Wisconsin’s two doctoral universities will continue their partnership promoting collaborative research projects involving faculty and academic staff at both institutions.
Biddy Martin, chancellor of the University of Wisconsin-Madison, and Michael R. Lovell, interim chancellor of the University of Wisconsin-Milwaukee are renewing the Intercampus Research Incentive Grants Program, which will award funds to support research projects undertaken jointly at the two campuses.
The grants program was started in early 2010 and awarded nearly $400,000 in intercampus grants to support such efforts as the development of new materials to combat air pollution to the use of algae to clean wastewater and generate energy.
“Research across disciplines and campuses is increasingly the future of scholarly investigations,” Lovell says. “This is one more way that we can take advantage of our campuses’ individual strengths to the mutual benefit of our universities and regions.”
“This campus-to-campus initiative has generated impressive research projects and I am eager to see what else we can accomplish by working together,” Martin says. “Joining the expertise and talents of our faculty and staff will bring us closer to producing the kind of groundbreaking research that will fuel Wisconsin’s economy in the years ahead.”
The universities are especially looking for projects in such key areas as water/energy, health care, advanced manufacturing, biomedical engineering, K-12 education, social sciences and the humanities.
Researchers are encouraged to solve a problem within a single discipline or collaborate on cross-disciplinary projects, and successful proposals are expected to lay the groundwork for future funding from federal or state grant programs or private foundations.
The chancellors will name a group of deans, faculty and foundation staff to serve on a committee to select grant recipients; about eight grants expected to be funded.

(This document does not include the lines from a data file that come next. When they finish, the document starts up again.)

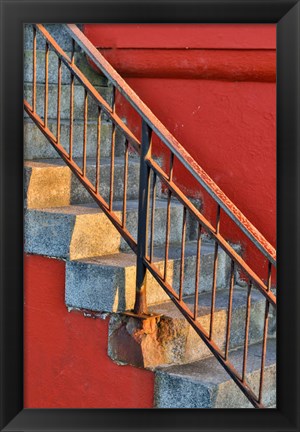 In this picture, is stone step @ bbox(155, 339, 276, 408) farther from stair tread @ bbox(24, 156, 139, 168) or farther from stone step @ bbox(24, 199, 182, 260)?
stair tread @ bbox(24, 156, 139, 168)

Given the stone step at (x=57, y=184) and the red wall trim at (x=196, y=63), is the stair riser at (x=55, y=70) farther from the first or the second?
the stone step at (x=57, y=184)

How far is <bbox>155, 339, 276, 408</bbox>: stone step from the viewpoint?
4.69m

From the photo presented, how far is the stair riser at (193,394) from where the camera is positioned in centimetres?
468

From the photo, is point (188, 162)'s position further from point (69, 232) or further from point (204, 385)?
point (204, 385)

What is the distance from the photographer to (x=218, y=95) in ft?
18.4

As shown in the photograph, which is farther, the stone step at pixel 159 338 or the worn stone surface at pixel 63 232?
the worn stone surface at pixel 63 232

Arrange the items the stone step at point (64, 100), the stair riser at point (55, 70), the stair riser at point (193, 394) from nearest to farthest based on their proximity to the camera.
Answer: the stair riser at point (193, 394)
the stone step at point (64, 100)
the stair riser at point (55, 70)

The committee’s recommendations will be weighed by the chancellors, who will make the final selections.
Projects will be evaluated in part on the likelihood that the collaboration will continue beyond the grant. Proposals must also be structured in a way that reflects the participation of researchers from both campuses; at least 25% of a project’s budget must be for work at the partner institution.
Projects with combined budgets of less than $50,000 will be considered. Applications must be received by April 4 and grant recipients will be notified in May for projects slated to begin July 1.